During this year’s campaign, Rouhani effectively addressed this potential vulnerability, arguing that his approach allowed Iran to avoid sanctions while laying the ground for the subsequent development in its nuclear infrastructure. Moreover, Rouhani’s campaign video included praise from armed forces chief of staff General Seyed Hassan Firouzabadi, which bolstered Rouhani’s perceived credibility on security issues.

In the week between the third candidates’ debate – on foreign policy – and election day, polls showed with accumulating clarity that Rouhani was building the strongest momentum of any candidate, along with Tehran Mayor Mohammad Baqer Qalibaf – who came in second, and whom we flagged two days before the vote as a likely contender with Rouhani in a second-round runoff.

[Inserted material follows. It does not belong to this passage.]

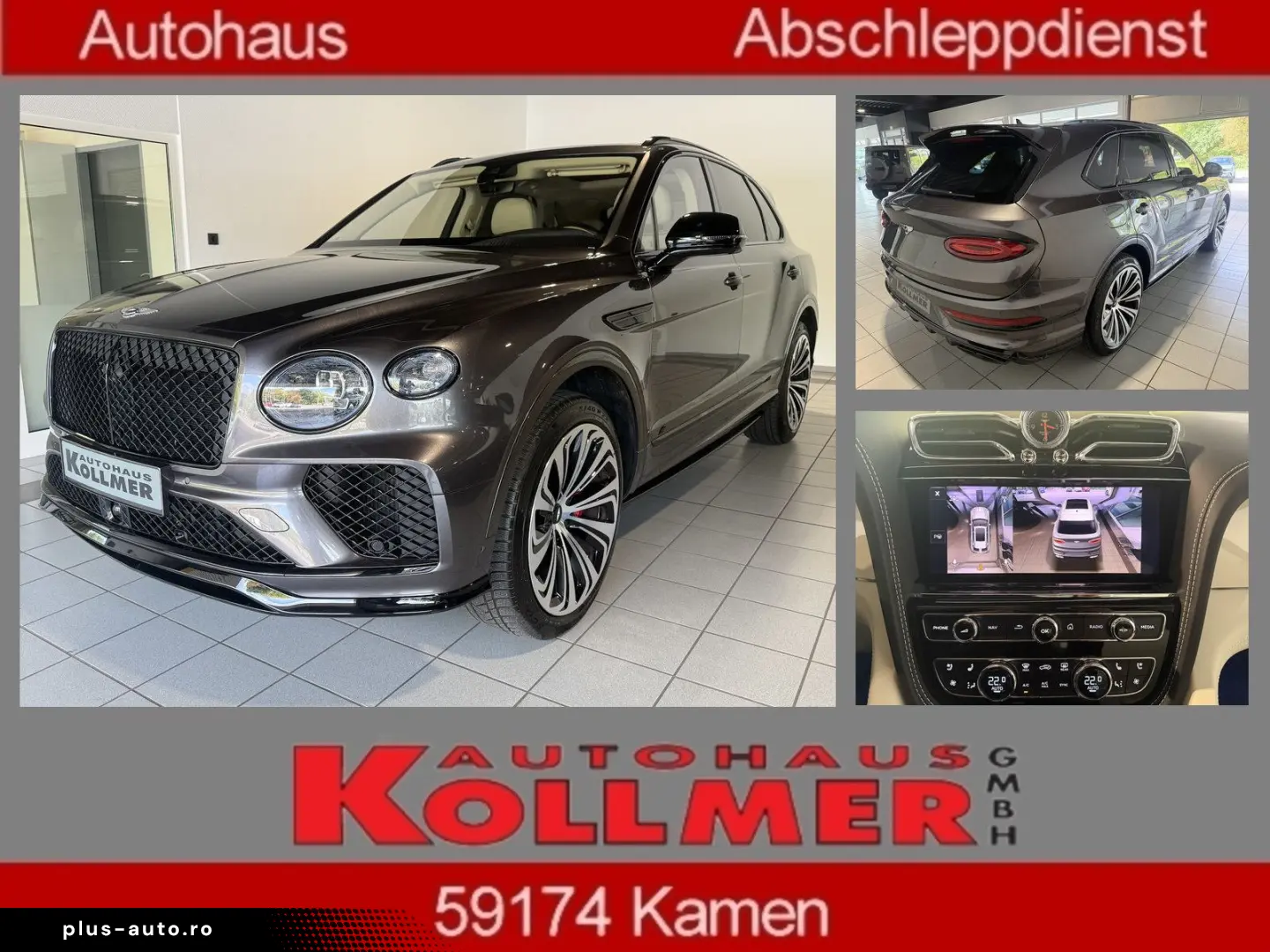 BENTLEY Bentayga S V8 Nachtsicht Massage B&O 22 Zoll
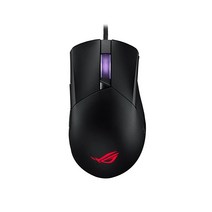 asus 에이수스ROG 글래디어스 III 유선 게이밍 마우스 튜닝 19 000 DPI 센서 핫 스왑 가능한 푸시핏 II 스위치 에르고 쉐이프 ROG 옴니 마우스 피트 RO, Wired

By election day, polls showed Rouhani pulling ahead of Qalibaf and his other opponents – a sharp contrast to Iran’s 2009 presidential election, when no methodologically sound poll ever showed former Prime Minister Mir Hossein Mousavi ahead of incumbent President Mahmoud Ahmadinejad.

Key to Rouhani’s success was his ability to forge coalitions, especially with reformists. Rouhani is not himself a reformist. He belongs to the Society of Combatant Clergy, the conservative antipode to the Assembly of Combatant Clerics founded by Mohammad Khatami – who became Iran’s first reformist president in 1997 – and other reform-minded clerics. Overall, Rouhani’s share of the vote was higher in small towns and villages, where people are more conservative, than in larger cities – largely because he is a cleric.

The real reformist on this year’s ballot was Mohammad Reza Aref, who served as Khatami’s first vice-president. Aref, however, proved a lacklustre candidate and attracted little popular support. Other reformists pressed him to quit after the final candidates’ debate, which freed Khatami to endorse Rouhani. While reformists were not the core of Rouhani’s electoral base, their votes were crucial to getting him over the 50 percent threshold.

Iran’s 2013 presidential election also confirms a point we have been making for four years – that, contrary to Western conventional wisdom, no hard evidence has been put forward showing that Iran’s 2009 presidential election, when Ahmadinejad won re-election over Mousavi and two other opponents, was “stolen”.